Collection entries
********************

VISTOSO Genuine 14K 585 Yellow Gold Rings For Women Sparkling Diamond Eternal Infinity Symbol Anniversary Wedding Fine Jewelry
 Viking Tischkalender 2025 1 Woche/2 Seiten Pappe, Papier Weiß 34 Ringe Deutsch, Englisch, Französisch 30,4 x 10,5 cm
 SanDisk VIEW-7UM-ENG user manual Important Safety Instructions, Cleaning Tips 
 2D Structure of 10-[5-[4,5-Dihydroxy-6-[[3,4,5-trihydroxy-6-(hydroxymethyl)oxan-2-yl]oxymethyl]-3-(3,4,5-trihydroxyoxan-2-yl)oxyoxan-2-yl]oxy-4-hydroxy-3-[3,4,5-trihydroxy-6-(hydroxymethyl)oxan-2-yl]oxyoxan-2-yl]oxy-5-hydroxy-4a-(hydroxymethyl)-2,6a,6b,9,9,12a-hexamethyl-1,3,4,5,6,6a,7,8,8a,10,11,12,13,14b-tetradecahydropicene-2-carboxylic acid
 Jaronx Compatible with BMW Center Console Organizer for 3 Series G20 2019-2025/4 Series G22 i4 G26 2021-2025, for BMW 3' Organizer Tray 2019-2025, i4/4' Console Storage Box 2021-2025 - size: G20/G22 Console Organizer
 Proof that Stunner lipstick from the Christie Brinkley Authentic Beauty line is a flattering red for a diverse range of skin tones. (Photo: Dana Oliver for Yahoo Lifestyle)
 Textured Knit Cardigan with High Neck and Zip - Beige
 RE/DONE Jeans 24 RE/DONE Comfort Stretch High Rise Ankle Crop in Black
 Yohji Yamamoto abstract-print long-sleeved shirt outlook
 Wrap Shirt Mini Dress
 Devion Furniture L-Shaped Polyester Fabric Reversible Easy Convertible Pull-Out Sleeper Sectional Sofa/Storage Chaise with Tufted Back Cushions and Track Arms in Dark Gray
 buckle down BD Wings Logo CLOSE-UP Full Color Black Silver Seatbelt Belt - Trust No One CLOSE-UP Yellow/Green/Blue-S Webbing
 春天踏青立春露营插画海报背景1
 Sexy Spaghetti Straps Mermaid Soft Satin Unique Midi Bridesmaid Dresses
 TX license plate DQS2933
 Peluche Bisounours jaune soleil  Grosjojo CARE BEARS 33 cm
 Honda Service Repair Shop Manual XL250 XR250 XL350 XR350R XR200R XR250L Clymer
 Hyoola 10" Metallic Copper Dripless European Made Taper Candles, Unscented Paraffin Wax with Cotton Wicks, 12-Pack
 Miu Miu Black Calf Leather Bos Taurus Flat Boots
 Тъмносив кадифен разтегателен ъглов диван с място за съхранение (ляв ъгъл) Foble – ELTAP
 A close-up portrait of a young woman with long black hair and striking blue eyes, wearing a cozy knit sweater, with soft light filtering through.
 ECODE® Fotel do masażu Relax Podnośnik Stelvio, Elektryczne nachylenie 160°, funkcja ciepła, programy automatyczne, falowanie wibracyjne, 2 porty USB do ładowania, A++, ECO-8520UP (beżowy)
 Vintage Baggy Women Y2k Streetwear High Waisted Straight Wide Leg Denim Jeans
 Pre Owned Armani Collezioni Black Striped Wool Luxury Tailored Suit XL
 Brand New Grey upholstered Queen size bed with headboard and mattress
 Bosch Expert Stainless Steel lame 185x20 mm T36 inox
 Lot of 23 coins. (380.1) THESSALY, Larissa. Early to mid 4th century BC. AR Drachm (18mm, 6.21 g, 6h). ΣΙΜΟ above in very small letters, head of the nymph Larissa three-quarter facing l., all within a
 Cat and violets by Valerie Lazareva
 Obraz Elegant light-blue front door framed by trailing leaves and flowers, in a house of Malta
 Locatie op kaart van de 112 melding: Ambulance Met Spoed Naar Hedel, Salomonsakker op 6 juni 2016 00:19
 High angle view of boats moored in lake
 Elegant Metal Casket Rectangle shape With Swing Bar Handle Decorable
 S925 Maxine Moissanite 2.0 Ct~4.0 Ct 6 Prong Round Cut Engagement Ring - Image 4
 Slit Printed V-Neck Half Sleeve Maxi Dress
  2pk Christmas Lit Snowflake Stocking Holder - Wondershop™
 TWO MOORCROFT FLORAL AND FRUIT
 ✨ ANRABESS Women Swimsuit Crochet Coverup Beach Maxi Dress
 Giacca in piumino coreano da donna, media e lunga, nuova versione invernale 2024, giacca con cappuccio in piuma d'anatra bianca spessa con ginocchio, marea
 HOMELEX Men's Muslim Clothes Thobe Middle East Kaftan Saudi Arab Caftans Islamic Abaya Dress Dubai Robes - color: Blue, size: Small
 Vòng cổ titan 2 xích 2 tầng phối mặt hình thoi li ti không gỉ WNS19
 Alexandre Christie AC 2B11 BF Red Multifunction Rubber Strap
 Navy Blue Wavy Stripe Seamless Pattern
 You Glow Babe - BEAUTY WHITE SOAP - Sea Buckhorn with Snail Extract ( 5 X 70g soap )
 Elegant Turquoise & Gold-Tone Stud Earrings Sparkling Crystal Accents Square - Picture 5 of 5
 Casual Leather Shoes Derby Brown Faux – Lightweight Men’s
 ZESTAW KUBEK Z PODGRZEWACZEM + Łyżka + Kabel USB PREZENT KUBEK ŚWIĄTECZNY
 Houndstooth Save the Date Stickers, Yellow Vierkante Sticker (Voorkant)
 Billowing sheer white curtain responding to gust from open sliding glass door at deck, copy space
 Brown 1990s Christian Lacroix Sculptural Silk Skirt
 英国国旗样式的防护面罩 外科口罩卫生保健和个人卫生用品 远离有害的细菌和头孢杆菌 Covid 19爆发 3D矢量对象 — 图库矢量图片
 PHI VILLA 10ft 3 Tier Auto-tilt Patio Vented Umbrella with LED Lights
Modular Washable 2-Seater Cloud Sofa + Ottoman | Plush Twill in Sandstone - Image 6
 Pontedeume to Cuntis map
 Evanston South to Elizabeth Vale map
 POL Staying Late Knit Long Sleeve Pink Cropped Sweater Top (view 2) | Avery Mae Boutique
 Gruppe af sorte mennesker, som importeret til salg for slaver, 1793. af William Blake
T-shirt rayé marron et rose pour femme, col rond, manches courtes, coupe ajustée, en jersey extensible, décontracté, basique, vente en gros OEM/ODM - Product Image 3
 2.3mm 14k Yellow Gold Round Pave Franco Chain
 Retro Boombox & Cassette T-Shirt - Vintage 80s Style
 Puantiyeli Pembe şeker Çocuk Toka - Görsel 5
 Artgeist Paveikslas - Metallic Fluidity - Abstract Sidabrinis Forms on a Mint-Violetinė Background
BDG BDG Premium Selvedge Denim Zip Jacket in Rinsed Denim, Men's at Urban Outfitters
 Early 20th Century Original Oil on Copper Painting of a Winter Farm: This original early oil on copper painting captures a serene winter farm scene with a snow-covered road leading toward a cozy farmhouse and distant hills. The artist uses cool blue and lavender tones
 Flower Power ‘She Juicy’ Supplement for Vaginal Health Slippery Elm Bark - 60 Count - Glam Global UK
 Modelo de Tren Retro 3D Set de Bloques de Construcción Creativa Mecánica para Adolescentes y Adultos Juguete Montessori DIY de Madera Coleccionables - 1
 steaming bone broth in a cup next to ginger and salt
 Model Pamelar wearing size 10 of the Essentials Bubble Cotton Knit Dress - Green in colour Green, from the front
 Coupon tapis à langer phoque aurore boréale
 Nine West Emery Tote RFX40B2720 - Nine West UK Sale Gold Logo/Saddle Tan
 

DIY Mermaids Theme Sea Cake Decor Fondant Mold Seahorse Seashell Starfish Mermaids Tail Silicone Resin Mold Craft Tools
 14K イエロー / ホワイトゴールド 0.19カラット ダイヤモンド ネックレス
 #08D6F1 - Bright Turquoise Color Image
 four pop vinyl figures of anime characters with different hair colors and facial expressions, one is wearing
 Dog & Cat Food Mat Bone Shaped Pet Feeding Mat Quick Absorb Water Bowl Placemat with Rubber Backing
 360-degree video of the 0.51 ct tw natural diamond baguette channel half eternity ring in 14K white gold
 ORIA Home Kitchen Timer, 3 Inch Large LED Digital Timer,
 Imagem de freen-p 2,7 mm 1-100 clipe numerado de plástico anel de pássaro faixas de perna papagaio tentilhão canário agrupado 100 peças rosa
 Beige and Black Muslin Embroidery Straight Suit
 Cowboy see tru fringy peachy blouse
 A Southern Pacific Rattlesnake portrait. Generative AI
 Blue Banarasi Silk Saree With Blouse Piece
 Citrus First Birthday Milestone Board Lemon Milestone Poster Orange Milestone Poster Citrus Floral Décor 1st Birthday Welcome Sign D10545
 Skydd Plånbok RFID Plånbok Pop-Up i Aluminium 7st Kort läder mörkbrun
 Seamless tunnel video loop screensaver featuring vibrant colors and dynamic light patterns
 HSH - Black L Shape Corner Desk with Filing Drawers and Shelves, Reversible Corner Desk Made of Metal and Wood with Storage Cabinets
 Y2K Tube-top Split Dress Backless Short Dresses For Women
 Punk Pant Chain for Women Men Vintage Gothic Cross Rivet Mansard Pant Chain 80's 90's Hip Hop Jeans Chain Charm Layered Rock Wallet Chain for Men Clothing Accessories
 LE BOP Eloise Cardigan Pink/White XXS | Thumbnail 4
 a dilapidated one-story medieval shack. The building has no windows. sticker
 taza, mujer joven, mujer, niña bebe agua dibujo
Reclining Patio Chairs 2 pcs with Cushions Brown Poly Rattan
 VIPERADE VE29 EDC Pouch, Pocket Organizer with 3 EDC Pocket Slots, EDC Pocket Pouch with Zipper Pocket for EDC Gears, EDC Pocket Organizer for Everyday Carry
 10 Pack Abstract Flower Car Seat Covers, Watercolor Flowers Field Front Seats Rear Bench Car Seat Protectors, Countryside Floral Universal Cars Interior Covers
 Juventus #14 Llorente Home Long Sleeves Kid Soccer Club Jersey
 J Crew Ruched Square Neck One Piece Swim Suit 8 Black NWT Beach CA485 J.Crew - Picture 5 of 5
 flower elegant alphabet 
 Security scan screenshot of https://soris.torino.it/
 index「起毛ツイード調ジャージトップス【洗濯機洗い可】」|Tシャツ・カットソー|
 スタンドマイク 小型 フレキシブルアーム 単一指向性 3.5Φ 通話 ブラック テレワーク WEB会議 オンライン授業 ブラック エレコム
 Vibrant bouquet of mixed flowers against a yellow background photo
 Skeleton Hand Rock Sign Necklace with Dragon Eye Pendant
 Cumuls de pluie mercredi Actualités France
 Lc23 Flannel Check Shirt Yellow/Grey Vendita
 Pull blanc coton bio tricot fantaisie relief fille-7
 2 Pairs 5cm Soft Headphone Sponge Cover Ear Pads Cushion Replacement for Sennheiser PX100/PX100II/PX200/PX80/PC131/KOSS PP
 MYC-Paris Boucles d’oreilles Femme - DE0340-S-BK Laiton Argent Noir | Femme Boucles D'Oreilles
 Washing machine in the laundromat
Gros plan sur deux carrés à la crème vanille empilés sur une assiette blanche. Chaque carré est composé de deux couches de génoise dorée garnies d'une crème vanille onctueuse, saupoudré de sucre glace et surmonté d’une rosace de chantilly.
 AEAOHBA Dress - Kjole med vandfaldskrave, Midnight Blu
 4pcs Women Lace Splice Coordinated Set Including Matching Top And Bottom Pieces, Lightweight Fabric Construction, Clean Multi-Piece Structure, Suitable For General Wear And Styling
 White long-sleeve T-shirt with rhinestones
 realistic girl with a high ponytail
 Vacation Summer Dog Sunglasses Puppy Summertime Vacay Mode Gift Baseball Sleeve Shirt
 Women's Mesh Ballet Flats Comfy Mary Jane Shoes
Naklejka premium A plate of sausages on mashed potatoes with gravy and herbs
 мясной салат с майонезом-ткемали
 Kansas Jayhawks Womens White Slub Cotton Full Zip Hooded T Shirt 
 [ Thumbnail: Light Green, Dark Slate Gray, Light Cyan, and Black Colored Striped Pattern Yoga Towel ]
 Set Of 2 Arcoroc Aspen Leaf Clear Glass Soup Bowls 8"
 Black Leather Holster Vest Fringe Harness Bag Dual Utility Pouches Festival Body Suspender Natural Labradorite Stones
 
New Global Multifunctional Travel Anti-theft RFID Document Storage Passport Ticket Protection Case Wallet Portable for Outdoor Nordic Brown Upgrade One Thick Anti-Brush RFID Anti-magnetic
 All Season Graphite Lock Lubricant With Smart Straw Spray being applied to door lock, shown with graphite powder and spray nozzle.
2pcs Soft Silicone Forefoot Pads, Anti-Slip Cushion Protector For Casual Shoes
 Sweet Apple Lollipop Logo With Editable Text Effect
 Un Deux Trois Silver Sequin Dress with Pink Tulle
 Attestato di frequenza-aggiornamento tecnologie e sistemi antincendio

********************

## TASK REQUIREMENTS
Using the records above, filter out every line that lacks the string "Sparkling" and copy the rest.

## RESPONSE TO THE EXERCISE
VISTOSO Genuine 14K 585 Yellow Gold Rings For Women Sparkling Diamond Eternal Infinity Symbol Anniversary Wedding Fine Jewelry
 Elegant Turquoise & Gold-Tone Stud Earrings Sparkling Crystal Accents Square - Picture 5 of 5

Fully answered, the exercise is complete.